In the first iteration I even squirted in some mayonnaise.  I do not recommend this.  AT ALL.   Please do not do this at home.  It was not good.  AT ALL.  The second iteration, on the other hand, was a huge hit.

So next time you have a craving for salad in mid-winter but really want something warm – soup it up.  No one will ever guess just how much green summery stuff is hidden in there.

5.0 from 2 reviews
Tomato Salad Soup
Author: 
Prep time: 
Cook time: 
Total time: 
Serves: 4
 
Ingredients
  • 1 lb 11oz. / 760g English cucumbers, roughly chopped
  • 1½ lb / 670g tomatoes, roughly chopped
  • 1 cup / 8 fl oz. chicken or clear vegetable stock
  • 2 tsp salt
  • 6 oz / 170g unsweetened tomato paste
  • 1 small avocado
  • 3 tsp dried basil
  • 3 TBSP white wine
  • 2 tsp lemon juice
  • 2 TBSP 2% Greek yogurt (Do not use non-fat!)
  • 1 large head Romaine lettuce
Instructions
  1. Put the cucumber, tomatoes, stock and salt into a large pan or stock pot and cook for 15 minutes until the vegetables are soft.
  2. Working in batches, place the vegetables in a blender and blend until very smooth.
  3. Add the tomato paste, avocado flesh, basil, white wine, lemon juice and Greek yoghurt, and blend to mix.
  4. Separate the leaves of the lettuce and blend into the soup on high speed until completely smooth.
  5. Re-heat gently if necessary.

Tomato Salad Soup

 

 

*SANE™, inSANE, SANEity – terms used in Jonathan Bailor’s books, The Smarter Science of Slim (out of print) and The Calorie Myth.

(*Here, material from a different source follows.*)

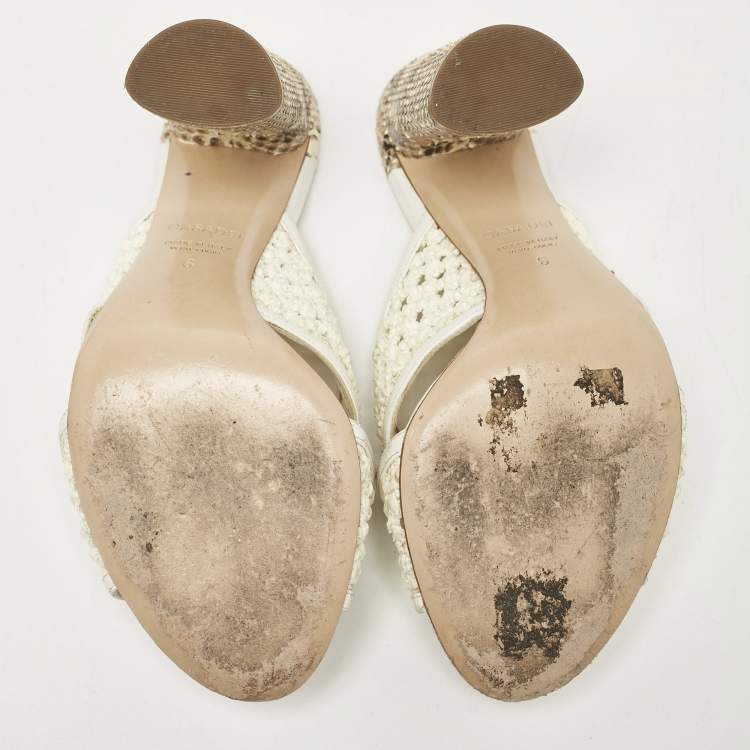 Pre Owned Casadei White/Brown Knit Fabric and Python Leather Slide Sandals Size 36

What does SANE mean? Click here.Want more scrumptious recipes? Click here to check out my SANE Cookbooks!

mazie - Thank’s for this recipe I will be trying it out..I just love your soups thankyou

carrie - THANK YOU, Mazie!! I am definitely a soup girl :-)

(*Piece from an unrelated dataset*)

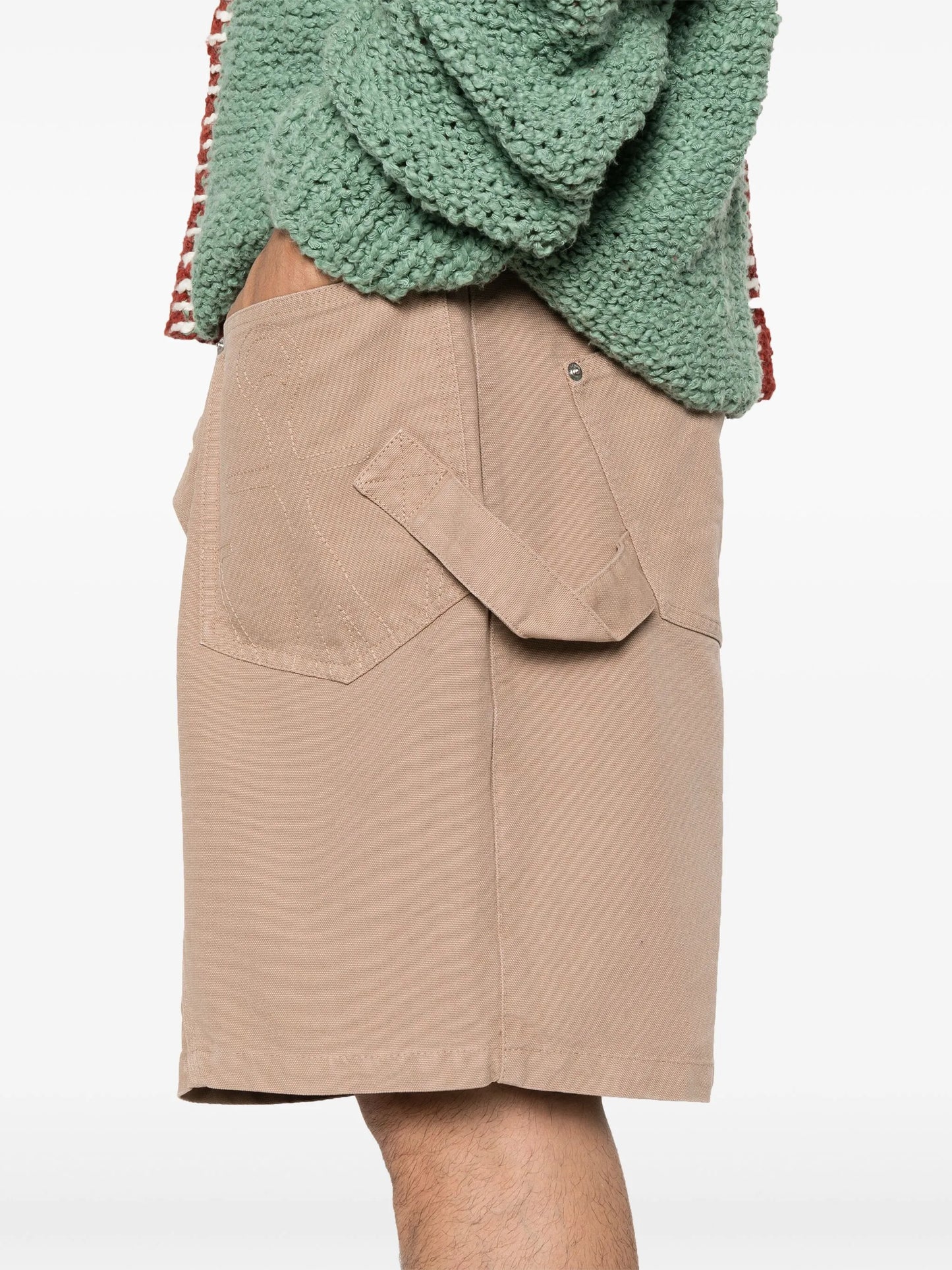 Twisted canvas shorts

Veronica - Carrie: How long is the freezer life of soups like this?

carrie - Veronica – I would use within one month, although mine never make it that long!

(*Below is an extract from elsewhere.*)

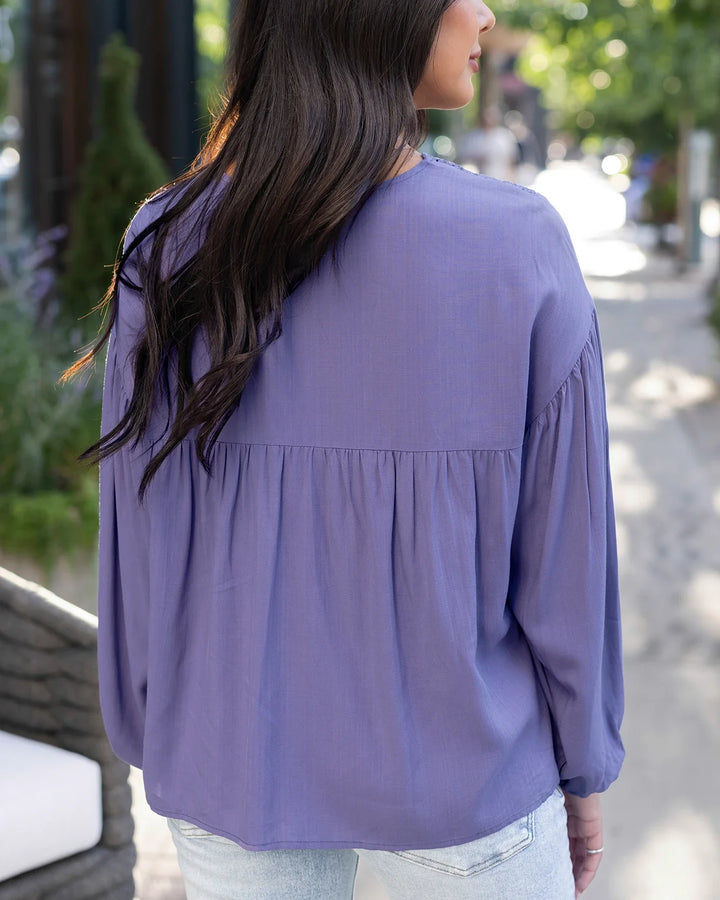 Grace and Lace | Boho Lace Trim Top | Wisteria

Stephanie - Sounds fantastic! Can’t wait to try it!

Sierra - Yum yum yum. This soup is sooo good and easy to make. Plus it used up the tomatoes I’ve had in the freezer from last years garden. This one is going into the family recipe binder. Thanks again Carrie!

carrie - Hurrah for salad soup, Sierra! Who knew lettuce could taste so good?! :-)

Sierra - Wow Carrie, I can’t believe you respond to all these comments…on every recipe! You ROCK. I don’t know how you find the time. P.S. I love your (and Bailors) podcast :)

carrie - I do my best, but don’t always manage to get to everything or everyone. Thanks for the podcast love!

Barbara in Tx - Hi Carrie!

I LOVE your soups! I’m working through every soup recipe in your book! I’ve never ever done that with another cookbook. Wait……yes I have, your ice cream cookbook! 8-) Okay so I’d like to ask a question….do you peel your cucumbers and zuchinni? You see….some of my soups aren’t coming out the beautiful colors that your pictures show and I think it may be my added vegetable peel?

Thanks! What’s the next cookbook going to be? I just can’t wait!